Unfortunately, 2019 got off to a bad start when Dawson wasn’t eligible to play for the Philippines-based Alaska Aces, due to, incredibly, his being over 6’5, which is the limit for foreign players in that league.

Dawson didn’t sign anywhere for quite a while afterwards, receiving an offer only in late November, and as a two-month injury replacement for an American player, Jakim Donaldson, for Bnei Herzliya of the Israeli National League, the second tier in Israel. Dawson played in a mere two games for them before getting waived. This was the only team he’d play for in the 2020 season. This year is particularly interesting since it was coming off perhaps his best year as a pro in Mexico – maybe there were bad personality reports, or some sort of injury scared teams off. Regardless, a tough blow for Branden after a good year prior.

2020 – 2021

Dawson’s rough 2020, or maybe the factors that led to it, caused him to have just as poor a start to his 2021 campaign. He signed in November to Kaohsiung Jeoutai Technology of the Taiwan Super Basketball League. If you’ve never heard of it, there’s a good reason why, as it was a semi-professional league. In 2021, the league split, with some teams joining the new professional T1 League. At that point, Dawson was signed to the Hsinchu JKO Lioneers of the P+ League in Taiwan, with whom he finished the season.

2021 – 2022

The Lioneers brought Branden Dawson back for the 2022 season, but whether due to COVID, other factors, or just league size (there are only six teams), Dawson played in a mere seven games. He averaged 14.4 points and 8.7 rebounds – good numbers, to be sure, but not a ton considering the level at which he was playing at. Dawson, always a defense-first player, never seems to have developed his offensive game enough to be the kind of American player who dominates overseas.

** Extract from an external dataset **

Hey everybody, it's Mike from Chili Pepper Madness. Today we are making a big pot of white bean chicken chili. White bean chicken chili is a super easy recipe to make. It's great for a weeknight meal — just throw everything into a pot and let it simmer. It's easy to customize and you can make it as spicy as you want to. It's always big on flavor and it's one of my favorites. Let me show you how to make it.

At 29 years old and playing in well below top-tier international leagues, Dawson’s chances at returning to the NBA are probably about zero. The Clippers never gave him much a shot, but his career since suggests he’s not an NBA player, or probably even close. Still, he’s been able to find a home most years (though it doesn’t seem as if he’s signed anywhere yet), and that counts for something. As he ages into his 30s, those spots might run out, but until then, Branden Dawson will presumably keep chugging along.